Still, all the bumps and losses have at least somewhat diminished the Clintons. There is little enthusiasm for another Hillary rev of the engine, no matter how badly she seems to want one. As for Bill, when people say they’re nostalgic for the 1990s, they generally mean boy bands and Legends of the Hidden Temple, not blue dresses. Now enter Tulsi Gabbard. She is both a walking repudiation of Clinton World and a product of its failures. A former vice chair at the DNC, she resigned after it became clear the organization intended to slight Bernie Sanders’ presidential candidacy in favor of Hillary’s. A political neophyte, she’s running a barebones campaign, in contrast to Clinton World’s legions. She remains unsullied by the corrupt Democratic influencers of yore, from Goldman Sachs to Jeffrey Epstein, all of whom the Clintons have rubbed elbows with. And most importantly, she served as a National Guard medic in Iraq and came away jaded by the very wars Hillary keeps endorsing.

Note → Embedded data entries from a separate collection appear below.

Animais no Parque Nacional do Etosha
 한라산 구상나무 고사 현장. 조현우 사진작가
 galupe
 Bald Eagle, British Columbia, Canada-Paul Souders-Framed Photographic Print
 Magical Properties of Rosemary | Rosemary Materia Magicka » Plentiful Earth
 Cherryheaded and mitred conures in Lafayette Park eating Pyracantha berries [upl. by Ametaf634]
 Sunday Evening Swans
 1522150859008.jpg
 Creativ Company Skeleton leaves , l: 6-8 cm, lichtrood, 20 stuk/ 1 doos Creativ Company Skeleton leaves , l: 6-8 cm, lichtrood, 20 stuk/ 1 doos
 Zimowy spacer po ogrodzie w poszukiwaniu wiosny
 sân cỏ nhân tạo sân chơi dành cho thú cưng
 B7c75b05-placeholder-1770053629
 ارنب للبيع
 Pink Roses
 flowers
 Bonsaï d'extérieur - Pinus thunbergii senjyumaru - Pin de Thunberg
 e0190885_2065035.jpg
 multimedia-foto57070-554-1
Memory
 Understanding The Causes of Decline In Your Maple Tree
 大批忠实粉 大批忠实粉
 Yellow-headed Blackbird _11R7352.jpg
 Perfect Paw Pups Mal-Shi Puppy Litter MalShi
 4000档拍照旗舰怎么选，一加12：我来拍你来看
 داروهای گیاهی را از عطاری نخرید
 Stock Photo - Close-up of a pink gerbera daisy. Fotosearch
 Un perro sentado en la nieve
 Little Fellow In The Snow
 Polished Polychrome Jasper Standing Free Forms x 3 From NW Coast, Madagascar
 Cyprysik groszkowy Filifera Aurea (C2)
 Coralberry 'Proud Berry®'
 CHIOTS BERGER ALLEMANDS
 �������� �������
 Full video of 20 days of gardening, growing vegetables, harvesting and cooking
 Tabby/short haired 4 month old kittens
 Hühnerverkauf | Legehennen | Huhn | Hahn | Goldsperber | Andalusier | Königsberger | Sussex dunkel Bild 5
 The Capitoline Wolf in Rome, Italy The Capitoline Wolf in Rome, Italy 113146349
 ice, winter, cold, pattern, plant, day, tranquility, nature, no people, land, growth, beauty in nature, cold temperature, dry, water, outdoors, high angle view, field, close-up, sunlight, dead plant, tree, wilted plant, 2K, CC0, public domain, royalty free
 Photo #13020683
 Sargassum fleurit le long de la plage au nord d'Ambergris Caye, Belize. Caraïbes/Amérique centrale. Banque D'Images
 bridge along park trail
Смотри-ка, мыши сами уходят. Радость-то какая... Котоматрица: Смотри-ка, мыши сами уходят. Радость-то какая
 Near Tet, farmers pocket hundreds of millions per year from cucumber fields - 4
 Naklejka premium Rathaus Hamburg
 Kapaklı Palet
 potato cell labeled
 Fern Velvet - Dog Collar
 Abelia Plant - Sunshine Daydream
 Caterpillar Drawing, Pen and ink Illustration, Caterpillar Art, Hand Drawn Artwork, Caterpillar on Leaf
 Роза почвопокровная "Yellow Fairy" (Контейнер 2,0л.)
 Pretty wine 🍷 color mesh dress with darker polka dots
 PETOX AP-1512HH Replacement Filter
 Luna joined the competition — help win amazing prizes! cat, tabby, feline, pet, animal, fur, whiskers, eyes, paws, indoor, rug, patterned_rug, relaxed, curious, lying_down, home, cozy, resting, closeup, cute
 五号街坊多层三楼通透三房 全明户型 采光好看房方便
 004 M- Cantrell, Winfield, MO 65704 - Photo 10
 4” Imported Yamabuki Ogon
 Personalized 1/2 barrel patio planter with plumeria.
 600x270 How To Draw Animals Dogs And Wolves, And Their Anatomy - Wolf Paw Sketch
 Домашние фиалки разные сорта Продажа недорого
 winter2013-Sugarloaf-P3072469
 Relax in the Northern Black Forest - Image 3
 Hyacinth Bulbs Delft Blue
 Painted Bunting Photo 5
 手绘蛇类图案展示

Gabbard, then, isn’t Clinton World’s most formidable opponent, but right now she looks like its clearest antithesis. Her knight’s move has been to take the Clintons off the grounds of personal accomplishment and put them on the harsher terrain of policy accomplishment. Hillary loves to tout her (substantial) record of public service as a woman, but Gabbard, a war veteran, can claim that too. Hillary is less eager, meanwhile, to discuss her and her husband’s writ large policy records, given the current revolt against the liberal internationalism and Third Way centrism they’ve long regarded as de rigueur. Gabbard not only brings this up, her entire candidacy is a homing missile aimed at the establishment’s failed foreign policy, one of its most gaping vulnerabilities. While Clinton World thrashes on the floor screeching at the Russian nanobots in their nose hairs, Gabbard offers up informed critiques of actual events.
The contrast is unavoidable, and it’s made Clinton World look one slice short of a (faux New York-style) pizza. (It’s always wrong to say that conspiracy theories are the sole province of “the fringes”; they can afflict the center, too, and they’re all the more embarrassing when they do.) Sure enough, fade to Iowa, where voters are expressing renewed interest in Gabbard. One told the Associated Press that Hillary’s smear was “divisive and despicable” and said he likes Tulsi’s “anti-regime-change message,” while another accused Clinton of “sowing division in the primary.” As it turns out, protecting the brand of a couple that hasn’t won a nationwide election in 23 years is not a priority in flyover country.
It may be that this is the year the Democrats are finally ready to cast out the Clintons for good, along with all their attendant wars and machinations and courtiers. If so, the strongest tonic they could swallow would be the campaign of Tulsi Gabbard. You don’t have to support her candidacy (I don’t) to appreciate what she’s trying to do here.
Matt Purple is the managing editor of The American Conservative.